[Esip-preserve] a new relation type for subset citations

Wed Jul 22 09:25:18 EDT 2015

Hi Jeff,

> My primary concern is asking the data provider, rather than the user, to
> record additional information about data requests.

Here I tend to disagree with you: It is not only about "recording" 
information on data requests, but keeping them accessible and usable. Data 
citation, and resolving references to data being used, is a key 
infrastructure service:

We cannot rely on useres to keep their queries accesible over long periods 
of time - particularly, if those users may not even be aware of the 
concept of a query, creating their subset via some workbench interface. 
Furthermore, if the data representation/underlying technology ever 
changes, how are useres supposed to be able to migrate those stored 
queries when they are usually shielded fromt the underlying complexity of 
a data representation on the technical level. If we want this to be robust 
and sustainable, it needs to be provided by the research 
infrastructure/data centers.

> Even assigning DOIs
> carefully is a time-consuming process.

This is true in principle, but note that in these setting, such a minting 
and the provisioning of all required metadata would be fully automatic.
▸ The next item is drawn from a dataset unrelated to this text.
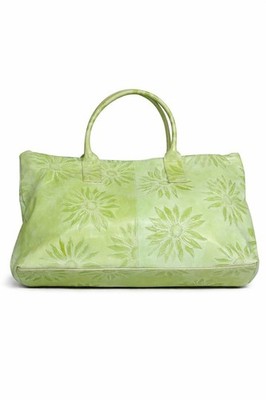 Falor Italy Embossed Floral Leather Tote | Green Genuine Leather | Made in Italy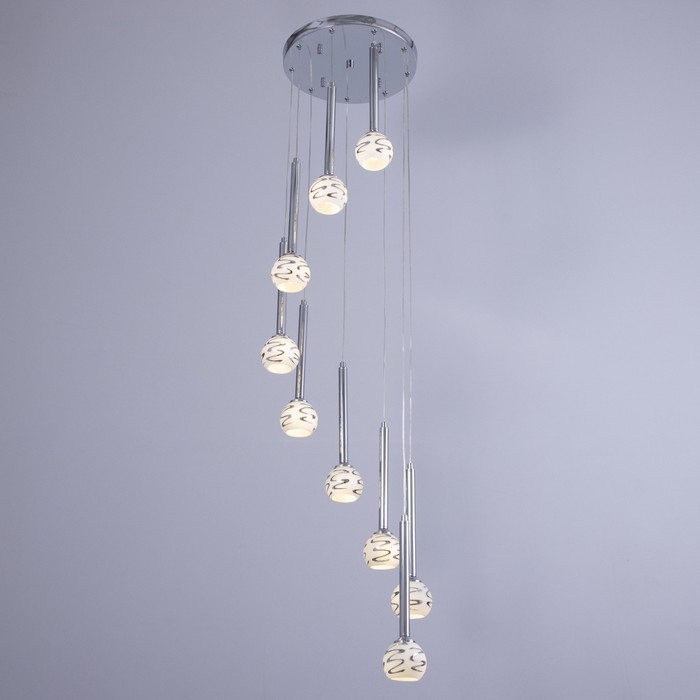 Светильник "Жаннетт" 9х3Вт G4 Хром 30х30х180см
> Managing and retaining query
> information, perhaps for the life of the data, is prohibitive and,

I'd be veryinterested in learning more about the reasons why you think 
this is the case!

In virtually all pilots that we discussed, once we went to the details, it 
turned out that the queries themselves were not problematic to store ans 
retain at all. We had one setting were an enormous amount of queries were 
continuously fired against a system (similar to, say, the Google search 
engine) where this might have turned into an issue. But by maintaining 
only "relevant" subset queries, i.e. queries designed by tools or 
researchers where one would need to go back to the respective subset (and 
which were not programatically created, in which case one would simply 
keep the query generation process rather thant trillions of queries), the 
actual storage and management of the queries is usually relatively 
trivial:
It's a small table/database storing the query PID, query string (including 
the timestamp), one or two hash keys, maybe a pointer to the superset, 
soem user information if desired, and that's about it - it's really small 
in size - compared to the data, usually.

> I
> believe, not particularly useful for the reasons stated in my previous
> message of July 16.

I hope I was able to clarify that, while going "bigger" in terms of PIDing 
an entire process, is definitely desirable, I would not see (1) how that 
can be guaranteed to work given our current technology, and (2) how that 
could be made to work without also supporting exactly the kind of data 
citation recommended by the WG, as any process would then also need to 
store the queries it executes, so it is the same thing (as is the need for 
data versioning if you need to support goin back to any such previosu 
version)
So, the proposed bigger solution will require the recommended "smaller" 
solution. If you have a solution that would solve this issue 
without it, I'd be very interested to learn about it.

> I have no objection to any guidance you may wish to
> give data users regarding how to cite or describe the manipulations
> performed on the overall dataset accessible via DOI.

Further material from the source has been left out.